None of the parts or devices that we have used during our project pose any known threats to environmental quality. Instead, the nucleating peptides are designed to sequester toxic metals.

security concerns?

None of the parts or devices that we have used during our project raise any known security concerns as they are not designed to confer any known pathogenicity, infectivity, toxicity or environmental damage.

Under what biosafety provisions will / do you operate?

We are operating in laboratories that are designed to be fully compliant with bio-safety level one (BSL1) recommendations, as described in “Biosafety in Microbiological and Biomedical Laboratories (BMBL) 5th Edition”.

Does your institution have its own biosafety rules and if so what are they?

Both Cooper Union, where characterization assays are to be performed, and Genspace, where sub-cloning is performed, adhere to biosafety rules that are in accordance with established guidelines found in the publication “Biosafety in Microbiological and Biomedical Laboratories (BMBL) 5th Edition”.

Genspace Biosafety Rules

Biosafety and Chemical Disposal Rules for the Kanbar Center for Biomedical Engineering at Cooper Union

Interim Lab Safety Rules

Does your institution have an Institutional Biosafety Committee or equivalent group?

Genspace has an Advisory Board consisting of experts in biosafety, biosecurity, and genetic engineering who hold positions in academia, industry and government.

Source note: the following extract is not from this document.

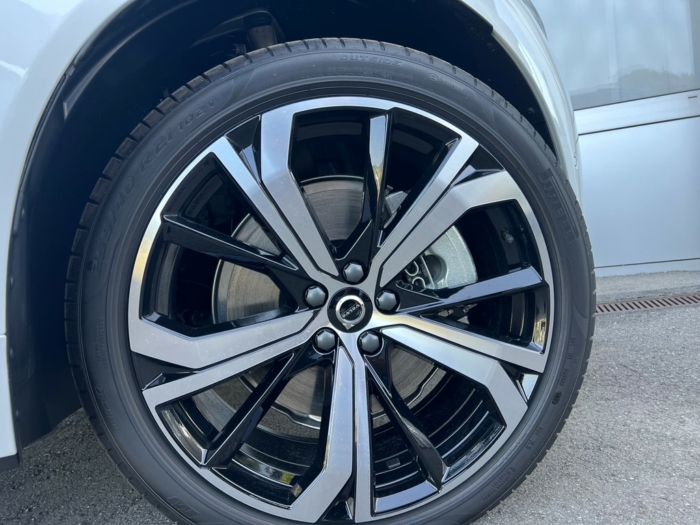 VOLVO XC60 T6 eAWD XCENTRIC Geartronic – Bild 11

They serve as our Institutional Biosafety Committee. The portions of the project to be carried out at Genspace are strictly BioBrick construction and the construction of plasmids containing metal-binding peptides and other non-pathogenic sequences. This is within the project parameters recommended by our Advisory Board.

Advisory Board Members

Cooper Union does not have an Institutional Biosafety Committee, but the project has been reviewed by David Wootton, Ph.D., Director of The Maurice Kanbar Center for Biomedical Engineering and is being supervised by Jody Grapes, Campus-Wide Safety Officer for Cooper Union.

Describe any concerns or changes that were made based on this review.

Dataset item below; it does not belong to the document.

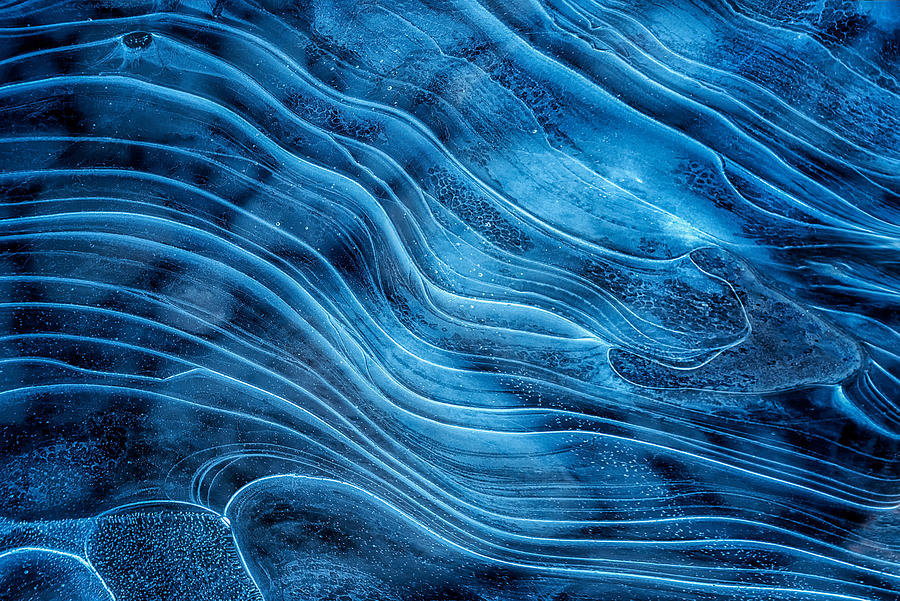 Winter Photograph - Frozen Curves by Mei Xu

No additional concerns or changes to our project were raised.

Will / did you receive any biosafety and/or lab training before beginning your project? If so, describe this training.

Students participating in this project received safety training (general/chemical/biological) either at Genspace or Cooper Union prior to beginning the project. The safety training consisted of a presentation covering the various aspects of safety found in molecular biology laboratories; i.e. proper microbiological techniques, safe disposal of recombinant organisms, etc. Upon completion of the presentation, students were shown the location of all safety equipment i.e. eye wash stations, first aid kits, fire extinguishers and safety exits. Students were also supervised by iGEM instructors at Genspace or Cooper Union throughout the duration of the project.

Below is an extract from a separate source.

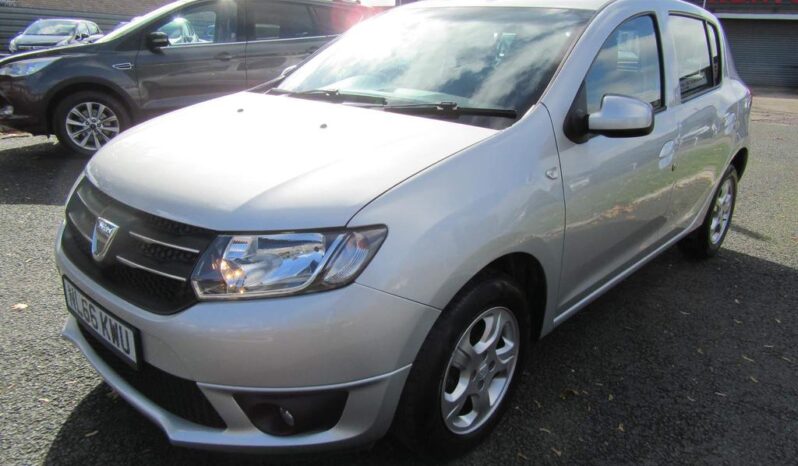 
								Dacia Sandero 0.9 TCe Laureate Euro 6 (s/s) 5dr full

Does your country have national biosafety regulations or guidelines? If so, provide a link to them online if possible.

Guidelines for national bio-safety regulations in the United States via the National Institutes of Health and the Center for Disease Control

Do you have other ideas on how to deal with safety or security issues that could be useful for future iGEM competitions? How could parts, devices and systems be made even safer through biosafety engineering?

Genetically engineered bacteria have the ability to encapsulate harmful contaminants such as heavy metals. They have the ability to separate them from the researcher, the public, and the environment. If we were using this system for bio-remediation rather than for the sole purpose of quantum dot formation, we would potentially require the incorporation of redundant genetic pathways that can function as a “kill-switch” to prevent the unchecked replication of the genetically modified organism in the wild.

Manufacturing processes will be made more “green” by the use of bacteria to manufacture nanotechnology such as quantum dots because the current manufacturing processes rely on various toxic solvents. In addition, the particular issues raised by cadmium containing quantum dots can be mitigated by the substitution of other less toxic metals.